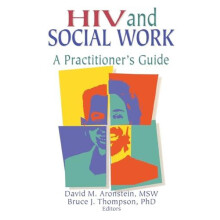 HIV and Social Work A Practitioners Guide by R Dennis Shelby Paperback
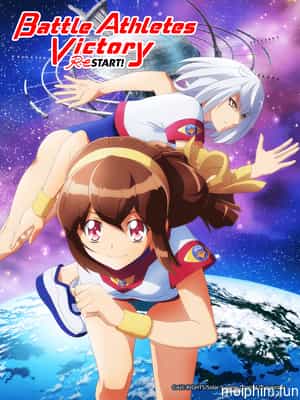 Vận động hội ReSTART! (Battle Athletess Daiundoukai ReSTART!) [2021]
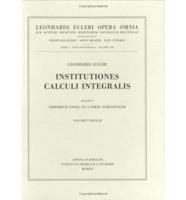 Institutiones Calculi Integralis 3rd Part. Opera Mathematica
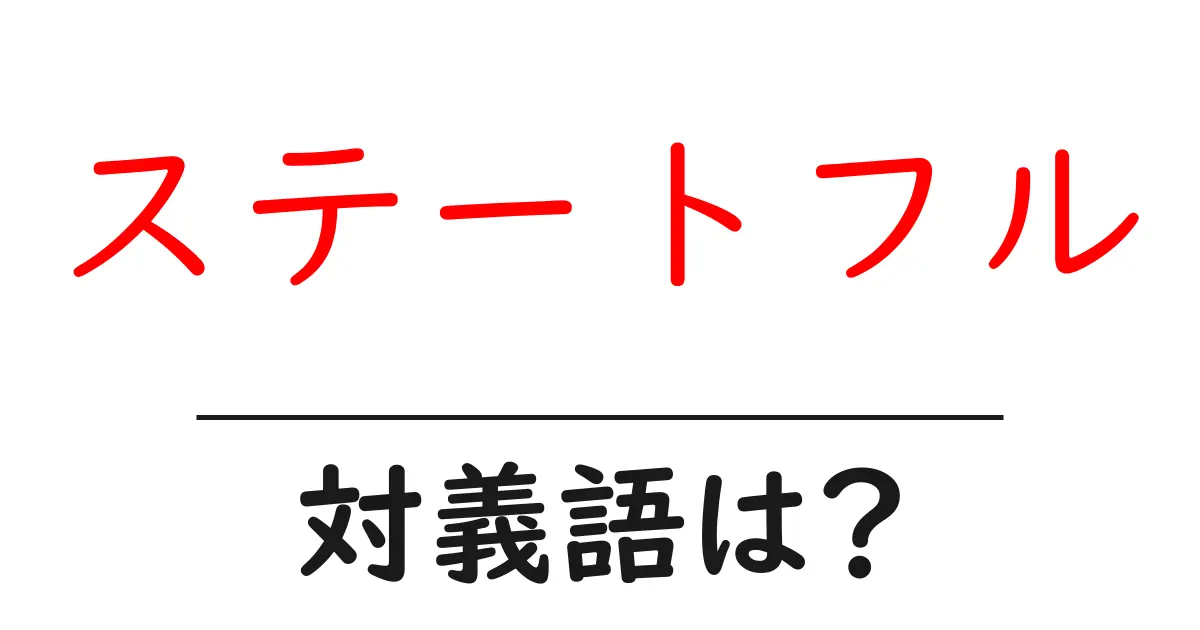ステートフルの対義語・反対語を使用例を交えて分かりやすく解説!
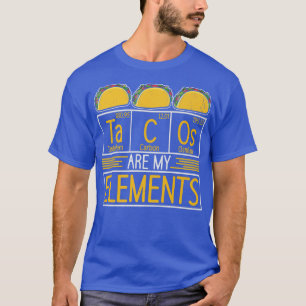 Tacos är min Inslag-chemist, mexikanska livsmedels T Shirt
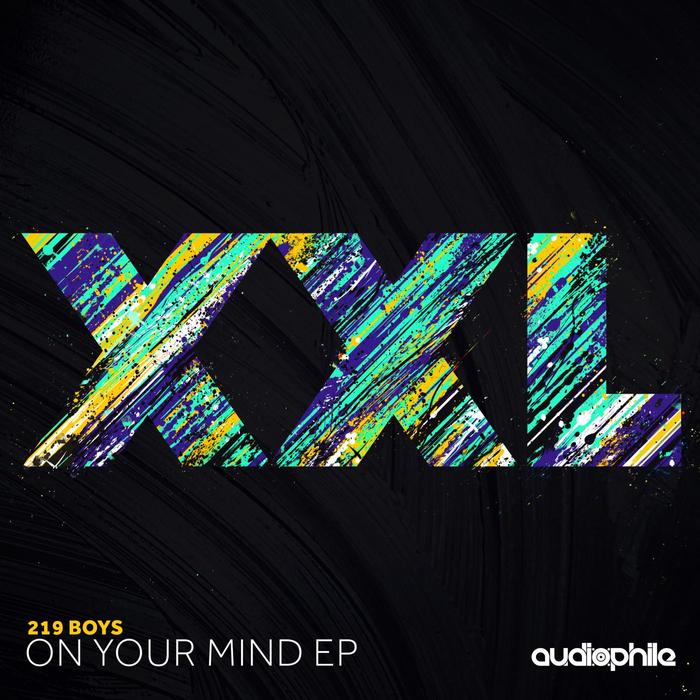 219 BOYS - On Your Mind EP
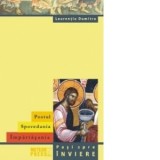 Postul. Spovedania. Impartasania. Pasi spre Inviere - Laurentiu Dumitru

──────

== TRY IT ==
Write the listing again exactly, duplicating every line and skipping the pictures.

== RESPONSE ==
 HIV and Social Work A Practitioners Guide by R Dennis Shelby Paperback
 Vận động hội ReSTART! (Battle Athletess Daiundoukai ReSTART!) [2021]
 Institutiones Calculi Integralis 3rd Part. Opera Mathematica
ステートフルの対義語・反対語を使用例を交えて分かりやすく解説!
 Tacos är min Inslag-chemist, mexikanska livsmedels T Shirt
 219 BOYS - On Your Mind EP
 Postul. Spovedania. Impartasania. Pasi spre Inviere - Laurentiu Dumitru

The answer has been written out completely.